Data Quality tab
When you open a source, the Data Quality tab shows fifteen counters that record what the pipeline dropped, deduplicated, or merged on its way from your file to the knowledge graph. The counters live alongside the Quality Analysis grade — but they answer a different question.
- The quality grade asks "how good is the graph this source produced?"
- The Data Quality tab asks "what did the pipeline silently drop on the way to the graph?"
If the grade looks low, the counters often tell you why.
What is the Data Quality tab?
Every stage of the pipeline — loading, cleaning, chunking, the LLM extraction, post-processing, and commit — has at least one place where content gets removed for a defensible reason: a duplicate paragraph, a chunk full of boilerplate, an LLM stream that ran into a loop, an invalid relationship referencing a non-existent entity. Pre-May 2026 those drops happened silently. Now each one increments a typed counter on the source row.

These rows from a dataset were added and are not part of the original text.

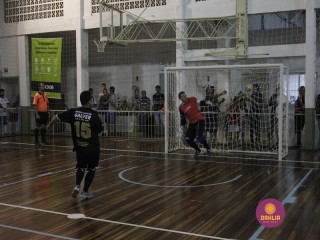 
<a style='margin-left: 5px;' class='btn btn-xs btn-social btn-facebook' href='https://www.facebook.com/sharer/sharer.php?u=https://www.boladovale.com.br/imgs/800-800-90/conteudo/fotos/1368/mg0210.jpg' rel='popup' data-width='500' data-height='400'><i class='fa fa-facebook'></i>Compartilhar <span class='hidden-xs'>no Facebook</span>
</a> 
<a class='btn btn-default btn-xs' target='_blank' href='imgs/800-800-90/conteudo/fotos/1368/mg0210.jpg'>
<span class='glyphicon glyphicon-cloud-download'></span> Salvar
</a> 
<span></span>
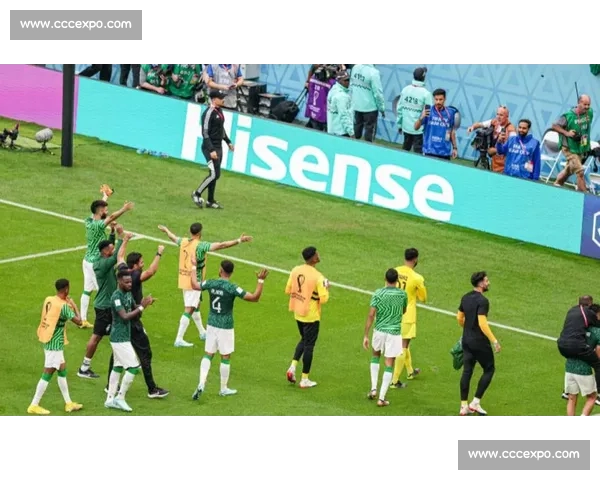 墨西哥 2-0 沙特晋级四强!维加破门 + 马杜乌龙锁定胜局 墨西哥 2-0 沙特晋级四强!维加破门 + 马杜乌龙锁定胜局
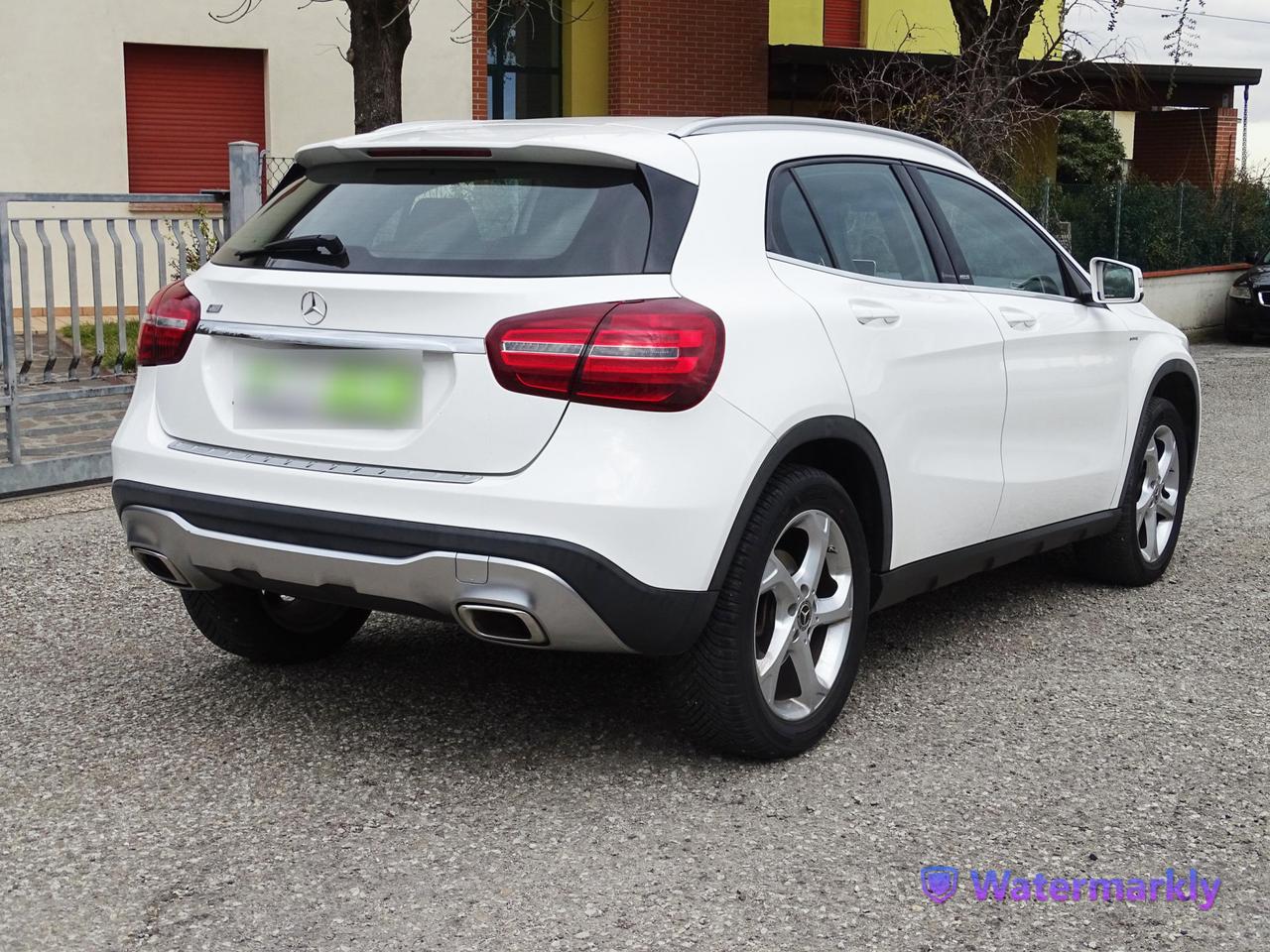 Mercedes-Benz GLA 180 Sport PACCHETTO AMG SPECIAL EDITION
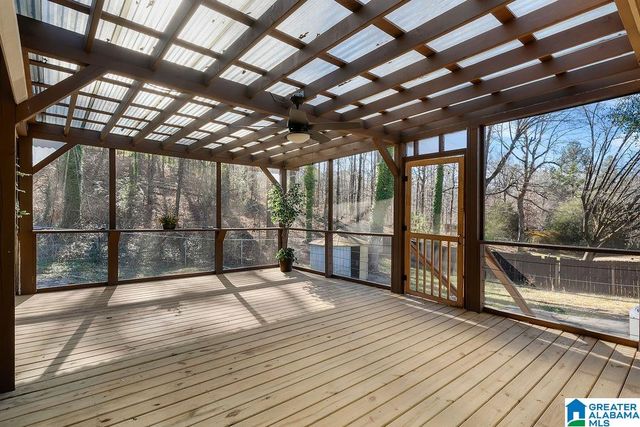 1101 S WALSTON BRIDGE ROAD, Jasper, AL 35501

The counters are best-effort: if a counter increment fails (database write contention, for example) the pipeline keeps going. They exist for visibility, never for control flow.
The fifteen counters
| Counter | What it measures | Stage |
|---|---|---|
loader_warnings_count | Non-fatal loader hiccups (one bad JSONL line, an undecodable archive member, a worksheet that couldn't be read). The file still loaded, but you should know something was off. | Loading |
loader_files_skipped | For archives only — how many entries the archive loader skipped (unsupported extensions, oversized files, security violations). | Loading |
cleaner_lines_removed | Gibberish lines, page numbers, repeated headers / footers dropped by the OCR cleaner. | Normalization |
cleaner_paragraphs_deduplicated | Duplicate paragraphs collapsed by the cleaner — common in two-column PDFs where OCR sees the same text twice. | Normalization |
cleaner_chars_removed | Net character delta from text cleaning (encoding fixes, control-character removal, whitespace collapse). | Normalization |
chunks_filtered_count | Chunks that were merged into a neighbor (coalesced) by the chunker because they fell below min_chunk_size. The content still reaches extraction — it's just folded into an adjacent chunk so the LLM sees larger, more contextful units. The column name predates the behaviour change; it counts merges, not drops. | Chunking |
llm_chunks_truncated | Chunks where the LLM hit its token cap and the response was cut off mid-output. Some content was extracted; some was lost. | LLM extraction |
llm_chunks_aborted_by_loop | Chunks where the streaming loop detector aborted the LLM mid-response (degenerate repetition, out-of-bounds indices, runaway entity counts). | LLM extraction |
parser_lines_dropped | Malformed E|/R|/P| lines the parser couldn't make sense of (missing fields, out-of-bounds indices, bad numeric values). | LLM extraction |
dedup_entities_merged | Entities collapsed into another entity by exact-name or semantic deduplication. The merge keeps the highest-confidence record and combines aliases / properties. | Post-extraction |
structural_entities_filtered | Entities representing document structure (chapters, sections, page headers) removed by the structural filter. Configured per-domain. | Post-extraction |
orphan_entities_filtered | Entities that survived deduplication but had zero relationships, dropped at commit time when orphan filtering is enabled. | Commit |
relationships_dropped_invalid | Relationships pointing at non-existent entity indices (catches LLM index-skew). These would crash the graph if committed. | Post-extraction / Commit |
relationships_dropped_capped | Relationships dropped because they exceeded the per-entity degree cap, the same-source-type cap, or the total-ratio cap from the active filtering mode. | Post-extraction |
citations_skipped_no_chunk_index | Citations skipped at commit because the underlying entity / relationship had no chunk index to point at. | Commit |
In addition to the fifteen counters, the tab surfaces three companion fields:
loader_encoding_used— which encoding the loader actually used for this file (utf-8,cp1252,latin-1-fallback, etc.). Useful when you're staring at mojibake on the source detail page.vector_indexed_at— when the vector indexing call succeeded, ornullif it hasn't.vector_indexing_status—pending,indexed,degraded, orfailed. See Search Status.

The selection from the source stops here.